ALL SAINTS CELEBRATED IN APRIL

Saints celebrated on the 26th of April

Prayer to the Angels and the Saints

Heavenly Father, in praising Your Angels and Saints we praise Your glory, for by honouring them we honour You, their Creator. Their splendour shows us Your greatness, which infinitely surpasses that of all creation.

In Your loving providence, You saw fit to send Your Angels to watch over us. Grant that we may always be under their protection and one day enjoy their company in heaven.

Heavenly Father, You are glorified in Your Saints, for their glory is the crowning of Your gifts. You provide an example for us by their lives on earth, You give us their friendship by our communion with them, You grant us strength and protection through their prayer for the Church, and You spur us on to victory over evil and the prize of eternal glory by this great company of witnesses.

Grant that we who aspire to take part in their joy may be filled with the Spirit that blessed their lives, so that, after sharing their faith on earth, we may also experience their peace in heaven.

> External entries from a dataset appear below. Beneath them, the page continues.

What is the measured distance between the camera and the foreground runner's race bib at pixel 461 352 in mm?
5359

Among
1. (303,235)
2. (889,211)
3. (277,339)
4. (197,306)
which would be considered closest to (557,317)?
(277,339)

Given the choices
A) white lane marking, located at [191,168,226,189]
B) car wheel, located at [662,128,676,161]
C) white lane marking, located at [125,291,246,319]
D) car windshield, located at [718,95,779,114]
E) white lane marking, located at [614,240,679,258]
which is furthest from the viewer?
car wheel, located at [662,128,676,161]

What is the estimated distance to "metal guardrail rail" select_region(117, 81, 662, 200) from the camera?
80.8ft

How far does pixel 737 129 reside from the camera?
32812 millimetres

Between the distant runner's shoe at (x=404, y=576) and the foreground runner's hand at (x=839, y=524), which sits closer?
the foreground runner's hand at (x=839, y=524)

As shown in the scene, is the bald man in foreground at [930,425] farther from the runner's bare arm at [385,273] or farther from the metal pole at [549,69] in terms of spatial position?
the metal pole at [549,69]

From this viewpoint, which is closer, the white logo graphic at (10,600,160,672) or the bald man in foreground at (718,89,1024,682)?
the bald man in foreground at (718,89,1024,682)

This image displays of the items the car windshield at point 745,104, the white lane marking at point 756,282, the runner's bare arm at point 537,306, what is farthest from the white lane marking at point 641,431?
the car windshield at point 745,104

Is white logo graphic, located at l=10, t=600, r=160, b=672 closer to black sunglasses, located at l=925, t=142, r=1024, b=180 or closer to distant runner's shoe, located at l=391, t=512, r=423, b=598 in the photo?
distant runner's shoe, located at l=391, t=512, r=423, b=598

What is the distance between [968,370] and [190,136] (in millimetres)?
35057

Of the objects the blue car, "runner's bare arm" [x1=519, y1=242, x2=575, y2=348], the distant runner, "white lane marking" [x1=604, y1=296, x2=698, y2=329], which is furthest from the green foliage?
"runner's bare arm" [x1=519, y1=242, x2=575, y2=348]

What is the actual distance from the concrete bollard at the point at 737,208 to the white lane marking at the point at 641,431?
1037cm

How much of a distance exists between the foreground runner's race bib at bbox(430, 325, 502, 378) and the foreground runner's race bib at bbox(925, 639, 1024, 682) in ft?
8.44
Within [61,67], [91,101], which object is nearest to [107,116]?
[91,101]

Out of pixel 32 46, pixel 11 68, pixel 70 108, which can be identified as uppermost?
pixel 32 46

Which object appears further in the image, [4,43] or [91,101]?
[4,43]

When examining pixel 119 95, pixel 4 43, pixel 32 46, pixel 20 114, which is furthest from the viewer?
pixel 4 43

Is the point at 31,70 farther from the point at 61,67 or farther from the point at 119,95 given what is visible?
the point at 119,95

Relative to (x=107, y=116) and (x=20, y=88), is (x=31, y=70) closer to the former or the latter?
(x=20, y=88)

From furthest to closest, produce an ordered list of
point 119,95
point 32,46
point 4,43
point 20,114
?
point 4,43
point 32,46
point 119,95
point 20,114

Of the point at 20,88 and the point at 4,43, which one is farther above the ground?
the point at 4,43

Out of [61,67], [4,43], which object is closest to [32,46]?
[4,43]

Amen.

SAINTS CLETUS AND MARCELLINUS, POPES AND MARTYRS 


ST CLETUS

Saint Cletus was the third bishop of Rome, and succeeded St Linus, which circumstance alone shows his eminent virtue among the first disciples of St Peter in the West. He sat twelve years, from 76 to 89. The canon of the Roman Mass, (which Bossuet and all others agree to be of primitive antiquity,) Bede, and other martyrologists, style him a martyr. He was buried near St Linus, on the Vatican, and his relics still remain in that church. 

ST MARCELLINUS

St Marcellinus succeeded St Caius in the bishopric of Rome, in 296, about the time that Diocletian set himself up for a deity, and impiously claimed divine honours. Theodoret says, that in those stormy times of persecution, Marcellinus acquired great glory. He sat in St Peter’s chair eight years, three months, and twenty-five days, dying in 304, a year after the cruel persecution broke out, in which he gained much honour. He has been styled a martyr, though his blood was not shed in the cause of religion, as appears from the Liberian Calendar, which places him among those popes that were not put to death for the faith. 

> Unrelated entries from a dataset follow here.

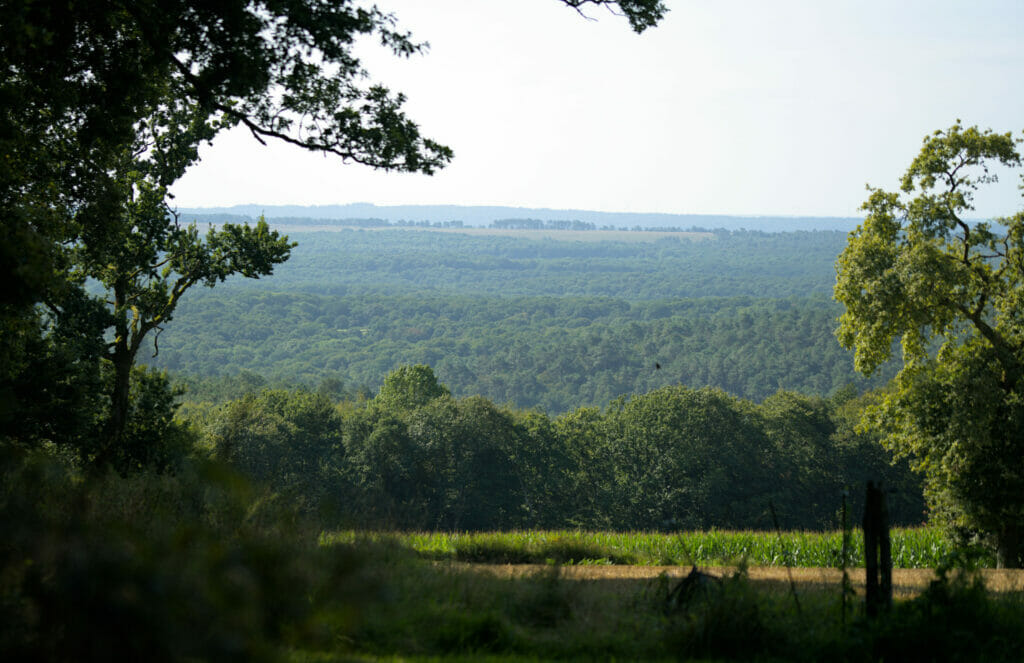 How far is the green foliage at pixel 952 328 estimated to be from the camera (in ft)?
63.9

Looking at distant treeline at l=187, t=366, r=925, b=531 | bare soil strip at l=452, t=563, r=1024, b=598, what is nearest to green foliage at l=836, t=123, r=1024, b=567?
bare soil strip at l=452, t=563, r=1024, b=598

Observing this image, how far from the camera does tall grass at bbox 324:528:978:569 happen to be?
12914 mm

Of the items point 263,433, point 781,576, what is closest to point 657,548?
point 781,576

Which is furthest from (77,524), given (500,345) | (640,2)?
(500,345)

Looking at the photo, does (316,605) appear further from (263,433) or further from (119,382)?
(263,433)

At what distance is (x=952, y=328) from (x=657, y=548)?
30.9 feet

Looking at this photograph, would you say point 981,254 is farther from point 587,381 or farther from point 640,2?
point 587,381

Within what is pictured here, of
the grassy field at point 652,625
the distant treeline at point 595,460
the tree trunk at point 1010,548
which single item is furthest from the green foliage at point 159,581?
the distant treeline at point 595,460

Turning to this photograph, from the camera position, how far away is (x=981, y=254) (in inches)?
819

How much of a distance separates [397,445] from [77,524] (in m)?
51.6

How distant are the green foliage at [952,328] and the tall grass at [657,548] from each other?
4.90 ft

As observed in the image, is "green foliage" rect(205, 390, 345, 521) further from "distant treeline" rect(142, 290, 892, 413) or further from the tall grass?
"distant treeline" rect(142, 290, 892, 413)

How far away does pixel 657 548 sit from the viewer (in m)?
18.6

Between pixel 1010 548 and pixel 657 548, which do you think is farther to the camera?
pixel 1010 548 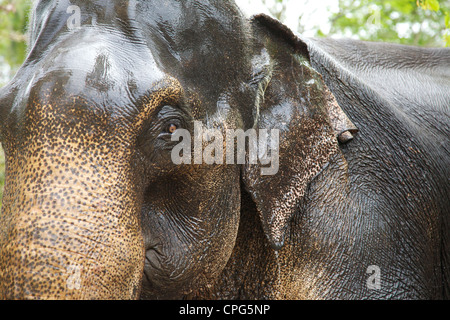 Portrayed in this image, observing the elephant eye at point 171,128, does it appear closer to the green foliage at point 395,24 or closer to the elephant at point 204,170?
the elephant at point 204,170

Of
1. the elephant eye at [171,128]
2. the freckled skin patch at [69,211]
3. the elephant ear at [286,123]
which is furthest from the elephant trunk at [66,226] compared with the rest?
the elephant ear at [286,123]

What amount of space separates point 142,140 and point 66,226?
402mm

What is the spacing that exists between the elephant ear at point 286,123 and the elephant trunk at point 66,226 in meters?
0.70

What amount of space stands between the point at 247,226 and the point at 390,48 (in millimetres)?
1730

THE CROSS IS THE ROAD TO ETERNAL BLISS

It is a fundamental maxim of the Christian morality, and a truth which Christ has established in the clearest terms, and in innumerable passages of the gospel,  that the cross, or sufferings and mortification, are the road to eternal bliss. They, therefore, who lead not here a crucified and mortified life, are unworthy ever to possess the unspeakable joys of his kingdom. 

Our Lord himself, our model and our head, walked in this path, and his great apostle puts us in mind that he entered into bliss only by his blood and by the cross. 

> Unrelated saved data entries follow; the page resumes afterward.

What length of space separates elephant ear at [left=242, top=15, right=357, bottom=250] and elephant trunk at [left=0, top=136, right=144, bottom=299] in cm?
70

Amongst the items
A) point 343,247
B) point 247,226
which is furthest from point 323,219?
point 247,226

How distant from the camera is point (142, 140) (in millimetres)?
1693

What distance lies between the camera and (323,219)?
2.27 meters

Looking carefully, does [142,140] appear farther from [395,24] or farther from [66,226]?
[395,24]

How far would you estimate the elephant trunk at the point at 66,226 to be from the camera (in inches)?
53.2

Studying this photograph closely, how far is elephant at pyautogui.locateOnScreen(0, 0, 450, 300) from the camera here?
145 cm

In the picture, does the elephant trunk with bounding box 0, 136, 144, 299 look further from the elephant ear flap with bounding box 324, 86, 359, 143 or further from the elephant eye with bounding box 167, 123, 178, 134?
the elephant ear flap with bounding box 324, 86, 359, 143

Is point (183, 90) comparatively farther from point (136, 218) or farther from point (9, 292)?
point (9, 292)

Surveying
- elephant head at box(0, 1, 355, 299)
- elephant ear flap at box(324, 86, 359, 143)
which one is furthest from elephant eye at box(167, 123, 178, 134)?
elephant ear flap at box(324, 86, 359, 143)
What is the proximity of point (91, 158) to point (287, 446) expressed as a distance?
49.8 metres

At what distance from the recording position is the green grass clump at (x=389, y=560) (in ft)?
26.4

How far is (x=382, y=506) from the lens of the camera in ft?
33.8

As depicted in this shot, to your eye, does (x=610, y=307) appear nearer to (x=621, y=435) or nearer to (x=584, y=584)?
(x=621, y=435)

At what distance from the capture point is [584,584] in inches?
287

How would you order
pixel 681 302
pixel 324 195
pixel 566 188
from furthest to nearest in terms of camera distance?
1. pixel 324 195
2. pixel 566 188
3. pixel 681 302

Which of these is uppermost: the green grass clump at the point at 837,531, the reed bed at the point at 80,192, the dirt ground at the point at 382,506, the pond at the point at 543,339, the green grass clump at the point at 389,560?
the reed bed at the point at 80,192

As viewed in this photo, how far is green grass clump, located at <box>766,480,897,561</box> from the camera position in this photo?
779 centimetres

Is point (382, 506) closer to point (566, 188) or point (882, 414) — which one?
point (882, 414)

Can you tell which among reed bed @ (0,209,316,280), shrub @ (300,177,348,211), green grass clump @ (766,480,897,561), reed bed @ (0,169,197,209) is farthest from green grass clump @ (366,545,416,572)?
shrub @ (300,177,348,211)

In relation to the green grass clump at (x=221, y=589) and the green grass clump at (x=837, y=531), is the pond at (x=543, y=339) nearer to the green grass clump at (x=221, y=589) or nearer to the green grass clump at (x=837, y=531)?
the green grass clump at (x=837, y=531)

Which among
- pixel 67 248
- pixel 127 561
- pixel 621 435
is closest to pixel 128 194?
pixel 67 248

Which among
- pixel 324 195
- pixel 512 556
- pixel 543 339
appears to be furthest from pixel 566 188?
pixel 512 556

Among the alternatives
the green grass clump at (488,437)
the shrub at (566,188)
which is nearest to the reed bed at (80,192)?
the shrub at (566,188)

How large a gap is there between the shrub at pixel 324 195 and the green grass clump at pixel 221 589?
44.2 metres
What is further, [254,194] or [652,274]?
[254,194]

Nevertheless, this is a truth which the world can never understand, how clearly soever it be preached by Christ, and recommended by his powerful example, and that of his martyrs and of all the saints. Christians still pretend, by the joys and pleasures of this world, to attain to the bliss of heaven, and shudder at the very mention of mortification, penance, or sufferings. So prevalent is this fatal error, which self-love and the example and false maxims of the world strongly fortify in the minds of many, that those who have given themselves to God with the greatest fervour, are bound always to stand upon their guard against it, and daily to renew their fervour in the love and practice of penance, and to arm themselves with patience against sufferings, lest the weight of the corruption of our nature, the pleasures of sense, and flattering blandishments of the world, draw them aside, and make them leave the path of mortification, or lose courage under its labours, and under the afflictions with which God is pleased to purify them, and afford them means of sanctifying themselves.   

(From Fr Butler's Lives of the Saints)

ST CLETUS' ENTRY IN THE ROMAN MARTYROLOGY

At Rome, the birthday of blessed Cletus, Pope who governed the Church the second after the Apostle Saint Peter, and was crowned with martyrdom in the persecution of Domitian.

ST MARCELLINUS' ENTRY IN THE ROMAN MARTYROLOGY:

In the same city, in the time of Maximian, Saint Marcellinus, Pope and martyr, who was beheaded for the faith of Christ, with Claudius, Cyrinus, and Antoninus. So great was the persecution at this time that within a month seventeen thousand Christians were crowned with martyrdom.